## What is expected
Range to reproduce from the entries below: the line with "Ford Thunderbird Cabriolet", the line with "Lamborghini Huracán LP640-2 STO", and every line in between. Give them exactly and give nothing else.

## Extracted information
------------------------------------
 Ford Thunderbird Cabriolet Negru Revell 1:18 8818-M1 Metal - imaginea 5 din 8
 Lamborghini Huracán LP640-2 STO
------------------------------------
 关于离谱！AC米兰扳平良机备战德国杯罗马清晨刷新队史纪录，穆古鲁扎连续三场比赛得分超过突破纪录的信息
------------------------------------
## Response box
 Ford Thunderbird Cabriolet Negru Revell 1:18 8818-M1 Metal - imaginea 5 din 8
 Lamborghini Huracán LP640-2 STO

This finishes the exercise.